As you go through life, you don’t realize who will be a mentor and how important their advice will be to you. My parents were uneducated immigrants who made a life using the creativity of their hands. My mom was a talented seamstress who could take a picture from Vogue and recreate it perfectly. My dad, a master carpenter, could turn a piece of wood into a work of art.
Education was not a part of their lives, and so it became a critical part of mine. My dad sat me down before I went to college and said, “I have given you all I have to give, it’s not much, but I’ve tried to set the good example. Make the most of it, study hard, learn all you can, go out, do more, be more than me.” I wanted to be in the creative arts in college, an interior designer perhaps. However, my father encouraged me to get an accounting degree. I never really became the accountant my father thought I would, but his advice set my career in motion.

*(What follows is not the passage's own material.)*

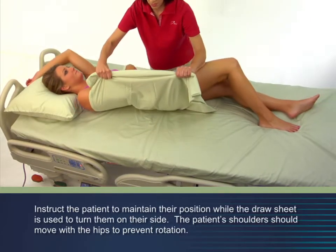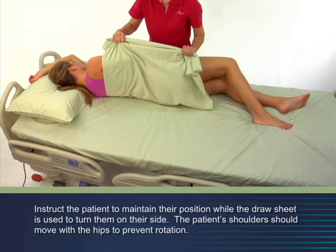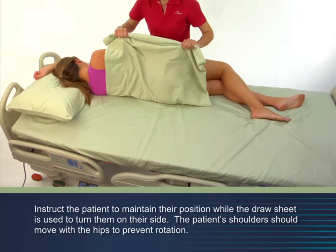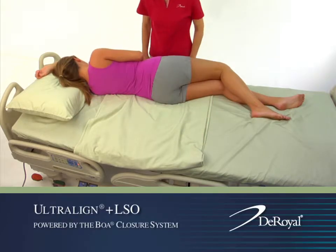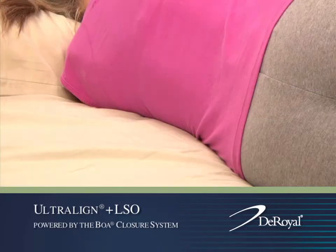To turn the patient onto their side, reach across the patient and grasp the draw sheet. On the count of three, pull the draw sheet toward you, rotating the patient to their side. Pull the draw sheet slowly, monitoring the patient for comfort and preventing any rotation of the spine.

At the forklift manufacturing firm where, at 28, I was CFO, the president of the company knew I didn’t have a lot of experience. He said to me, “you will make mistakes. It’s okay. Just don’t make the mistake that will cost the company.”
Those words have stayed with me. He taught me not to be afraid of decision making, and yet know the impact of the decisions I make. That is also where I learned not to be afraid to ask the dumb questions, to really understand what lies underneath the product sold to a consumer. And that advice I pass on to everyone I work with.
I’ve never thought of myself as a mentor, and I’ve never really had formal mentoring relationships. But I try to learn something from everyone I meet and pass on the lessons learned to those who come after me.
Probably the best mentor I had is someone I have never met. Aristotle, who wrote, “We are what we repeatedly do. Excellence then, is not an act, but a habit.” These are words I strive to live by every day. I hope to be a good mentor to my kids and pass along to them the same message my father gave to me going off to college all those years ago. And I will be right there behind them.